【完結】寵姫と氷の陛下の秘め事。
 男性をベッドに横にさせると、テントから出る。

 クレマンがアナベルに気付き、「どうだった?」と問いかけてきたので、すぐに「夢の中さ」と微笑む。

「その魔法、本当に便利だよなぁ」
「教えてくれたミシェルさんに、感謝しているよ」
「……そうだな。じゃあ、二時間くらいしたら戻ってこいよ。目覚めた客の近くにいなかったら、まずいだろ」
「はぁい。汗をかいたから、さっぱりしてくるねぇ」

 ひらりと手を振って、アナベルは簡易に作られたシャワーブースに足を運ぶ。

 他の人たちは見当たらなかった。

 しゅるりと衣装を脱いで、シャワーを浴びる。たっぷりかいた汗を流し、しっかりと身体と髪を洗ってから魔法で乾かす。

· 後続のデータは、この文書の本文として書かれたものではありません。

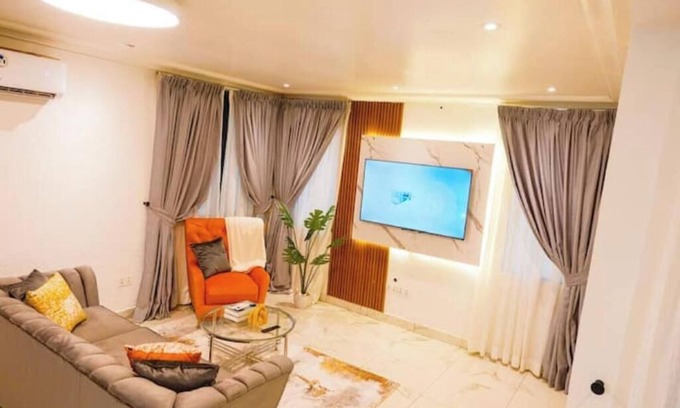 Tema House | Goldleaf Suite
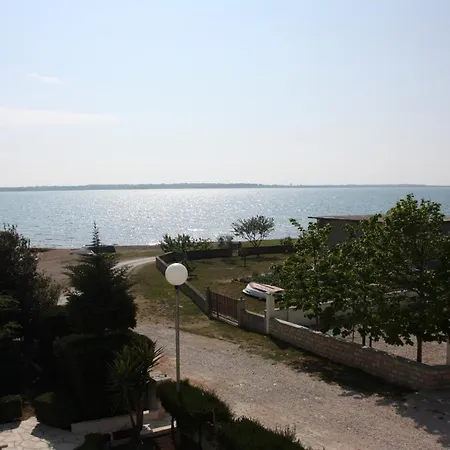 Family Friendly Seaside - Mulo, Zadar - 6155 *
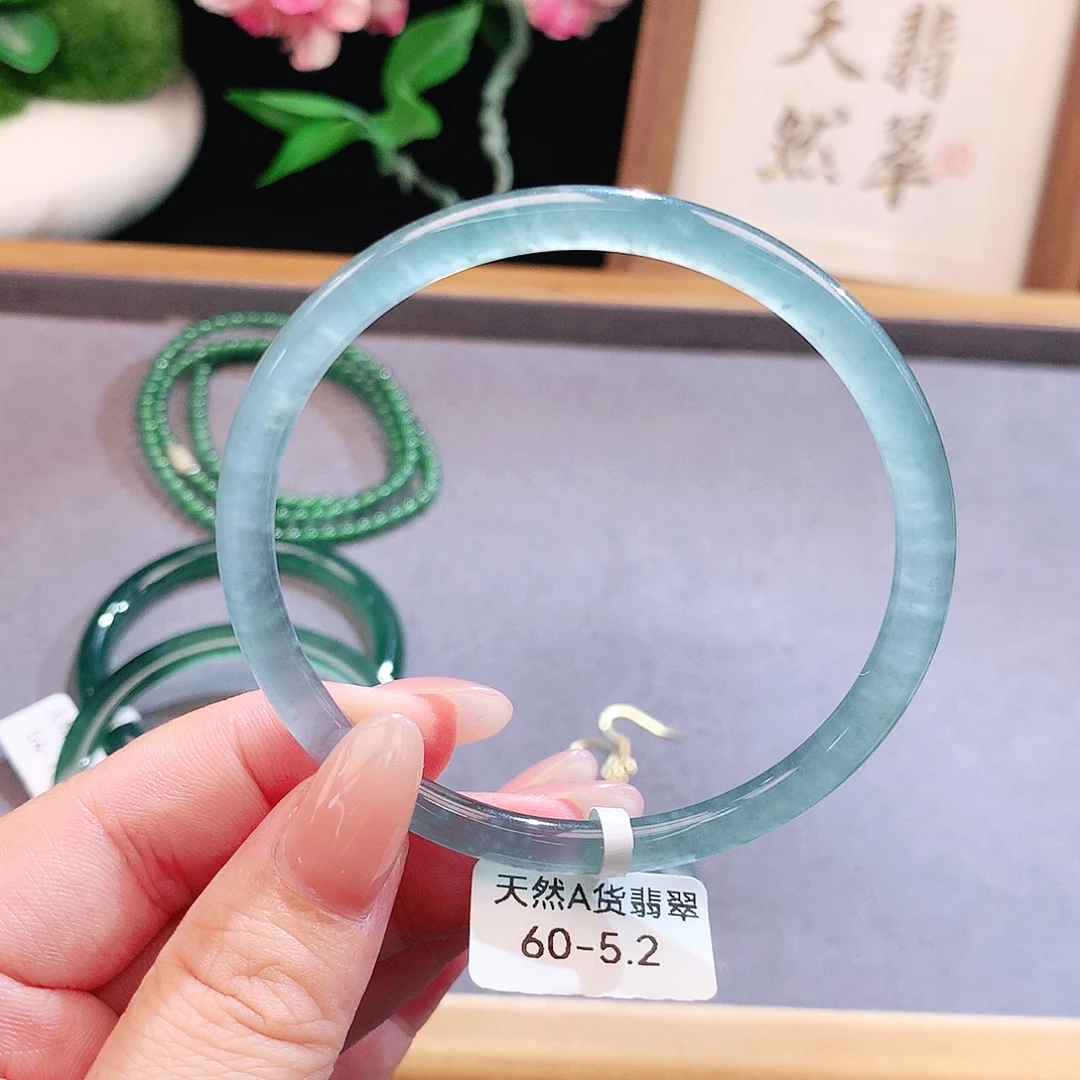 未镶嵌手镯（圆镯）翡翠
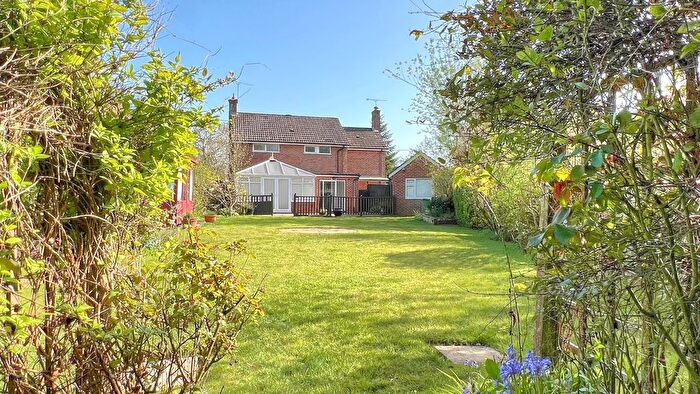 4 Bedroom Detached House For Sale In Steep Marsh, Petersfield, Hampshire, GU32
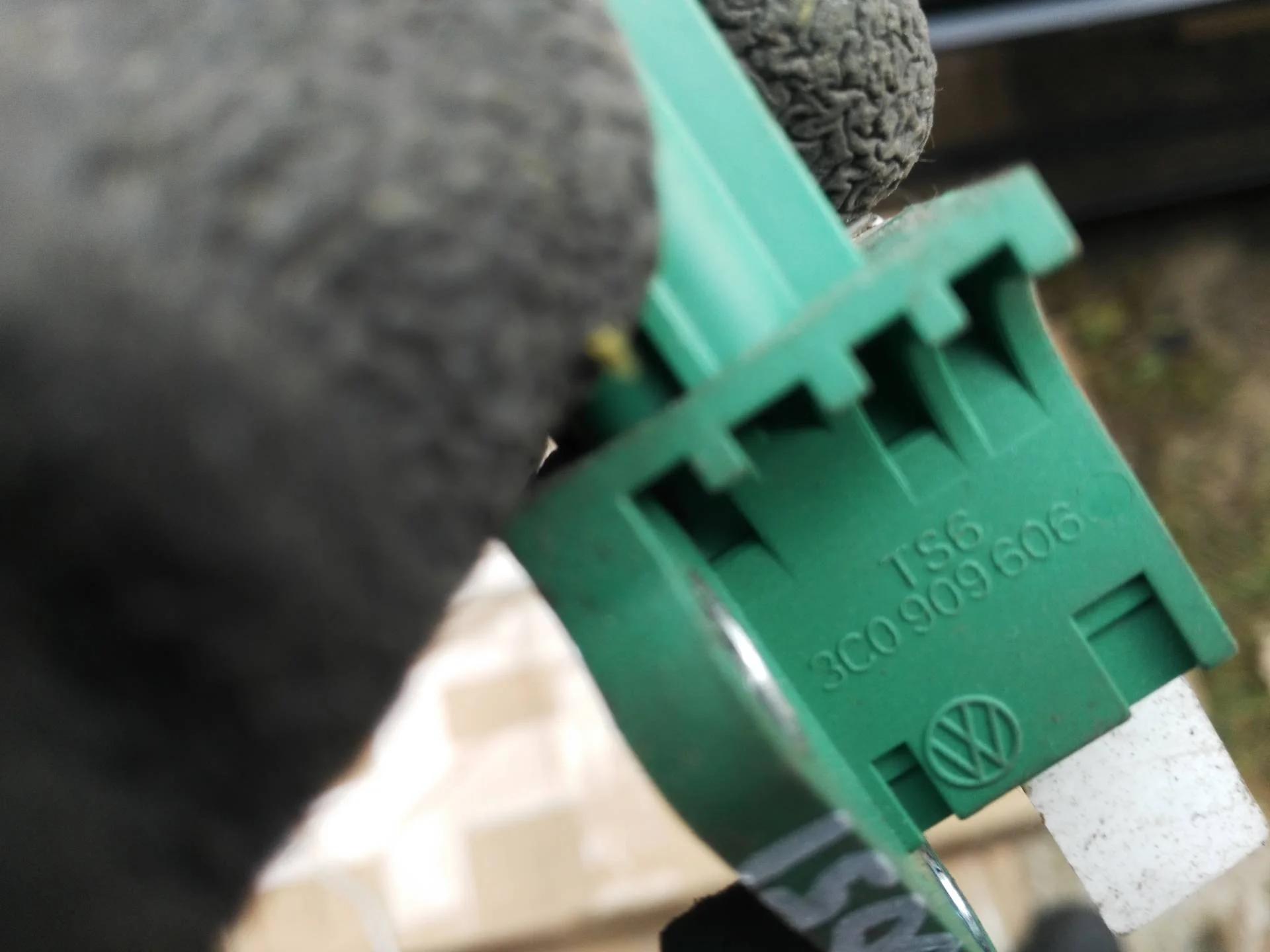 датчик airbag Volkswagen Passat B6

 その後、ブースに設置されている化粧水と美容液を素早く顔につけ、身体にもボディミルクを塗った。

 着替えは持ってきていないから、タオルを巻いてテントに戻る。

 テント内には、よほど良い夢を見ているのか、男性が気持ちよさそうに眠っていた。その隣でアナベルは肩をすくめた。

(そんなに良いものかしら?)

 アナベルはまだ、誰ともそういうことをしていない。

 彼女の魔法は男性の欲望を叶える夢だから、その人のやりたいことが夢の中で行われているはずだ。